Laura Madera
Nocturnal Garden
March 12, 2022 - June 19, 2022
Laura Madera’s Nocturnal Garden brings together a body of paintings in a luminous symphony, offering new ways of noticing the ephemeral coming together of light and air amplified on botanical silhouettes. Plants are made mostly of three elements: carbon, hydrogen, and oxygen. These have been pulled from the air and water as the body of the plant breathes and drinks, a temporary manifestation connecting the below to the above.
Straddling seemingly oppositional dualities, these works are enduring yet soluble; delicate yet bold; intimate and quiet, yet compelling. Madera operates within the interstitial connective tissues, bringing nourishment to the cellular structures of her paintings, listening carefully for what each needs. She has learned to let herself work slowly, carefully, in a studio full of in-progress paintings. The work is incremental. It is like gardening. In this practice, she visits, listens, watches. On any given day, she may make only two moves on each surface. She treats each piece as a bed of rich soil, tending the budding emergence of glowing fields that might bring forth memories of moonlit walks, eyes open to wonderment. Hers is a meditative practice of generous acceptance, kind to one’s own bodily and spiritual rhythms, open to what might come next, whether it is rest or a watershed of production. There is tenderness here. And joy.
Laura Madera
“I use painting to poetically explore the natural world, it’s primal energies, and to approximate something of the wonder of it. I think about this subjective investigation in relation to the multiplicity of places surrounding me but also to the world within.

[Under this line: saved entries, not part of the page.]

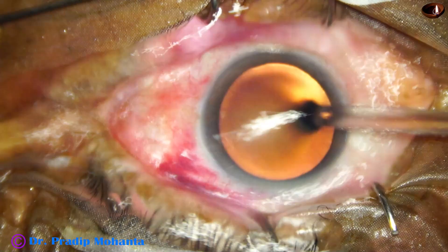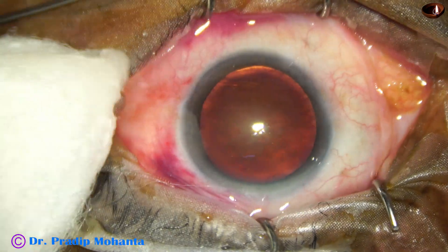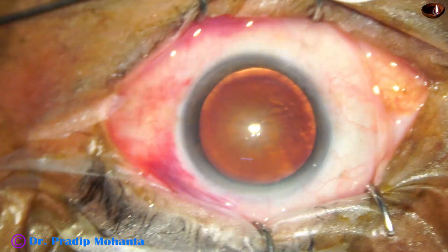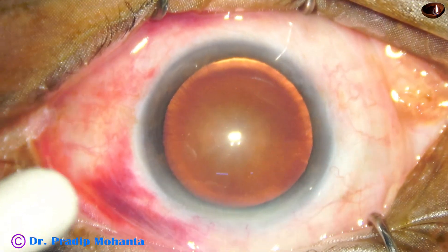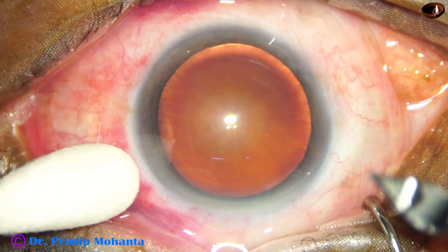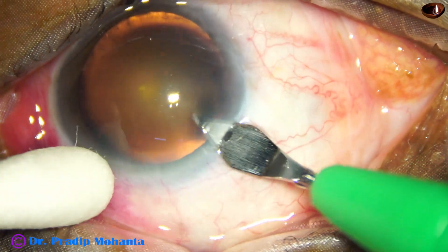The ocular surface is thoroughly irrigated with bases, applying few drops of bovidan iron. And now the incisions. The main incision is made, in this case, at around 11 o'clock with a 2.8 mm steel keratome at mid-limbus.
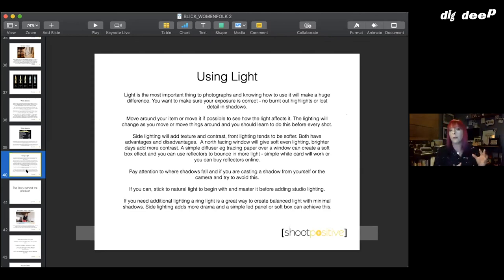Simple white card for bouncing light in and black card for adding shadows will make a huge difference — photographers basically use fancier versions of these same tools.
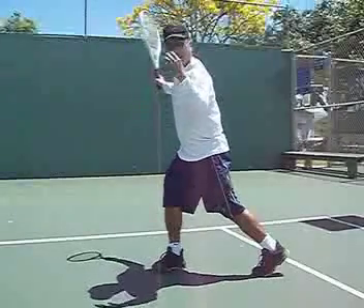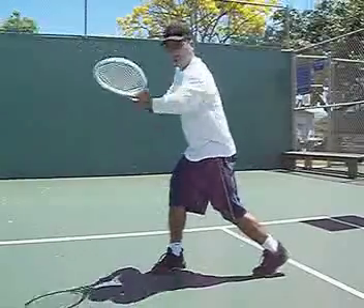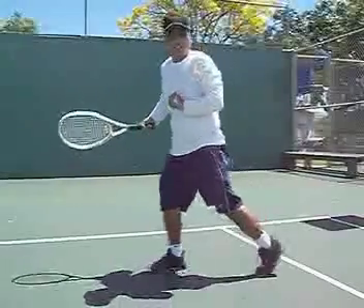If you set up for your forehand like this, it's pretty much blatant you're going to be hitting an inside out shot. You should get a good short turn going for an inside out shot, and then you pull the shot down the line for more disguise.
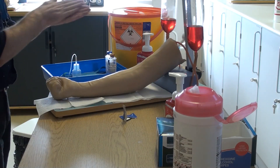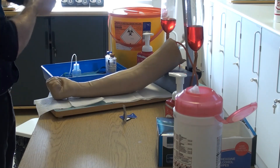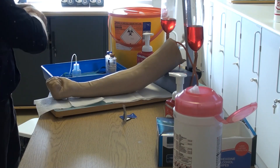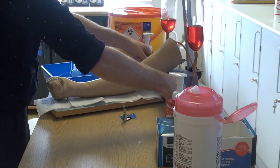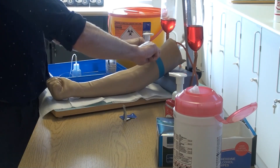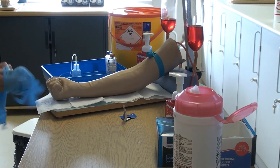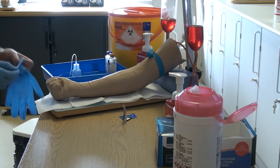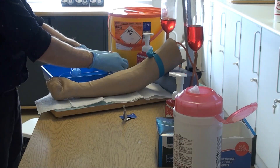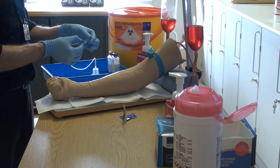Decontaminate hands once again and apply the tourniquet onto the arm, 10 centimetres above the sample site. Apply non-sterile gloves and ensure that you do not repalpate the skin again before injection occurs. Arrange the bottles so that the aerobic bottle is closest to the patient and sampled first.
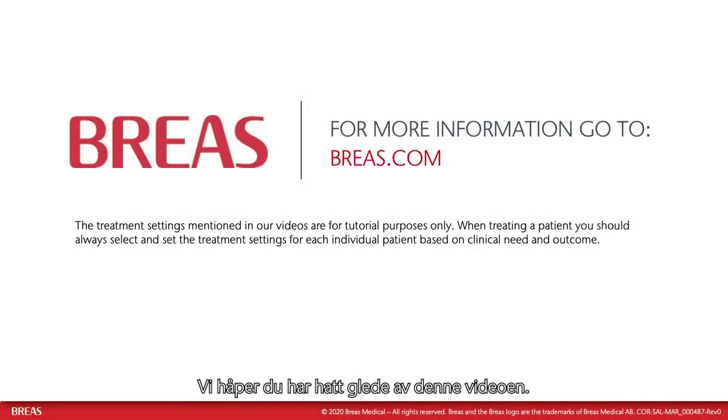We hope you have enjoyed this video. For more information and videos on how to use the Clearway 2, please visit our website breas.com. Thank you for watching.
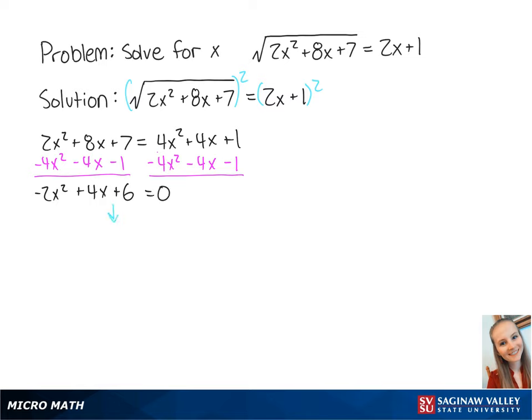We can factor out the negative 2 on the left side. This will give us negative 2 times x squared minus 2x minus 3 equal to 0. We can factor the left side even more, which gives us negative 2 times x plus 1 times x minus 3 is equal to 0.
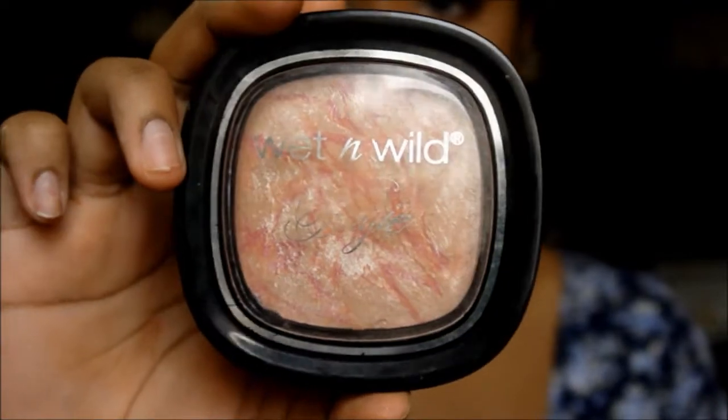For a soft highlight, I'm taking this rose gold champagne color from Wet and Wild and using my fingers to blend that on the highest points of my cheekbones, as well as the tip of my nose and my cupid's bow.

A painting, or series of paintings, begins with asking questions.
The painting that follows is the result of negotiating, probing, and conversing within a process of making. For me this is an unpredictable shifting process of understanding and coming-into-being that can only be arrived at through a physical engagement with materials and landscape.”
Laura Madera received her BFA from Emily Carr University, BC, and an MFA from the University of Guelph, ON. Her practice explores the potential of watercolour as a means to poetically investigate phenomena within a contemporary context. Her work has been exhibited in solo exhibitions at Far x Wide in New York, NY, the Robert McLaughlin Gallery (RMG) in Oshawa ON, Monastiraki in Montreal, QC, and is held in private collections across Canada, the United States and Mexico. She was named as one of Canada’s most promising emerging painters by the Magenta Foundation. Currently, she is a recipient of an Artist Production grant from the Ontario Arts Council. Her studio is located in Peterborough on the Treaty 20 and traditional territory of the Mississauga Anishinaabeg.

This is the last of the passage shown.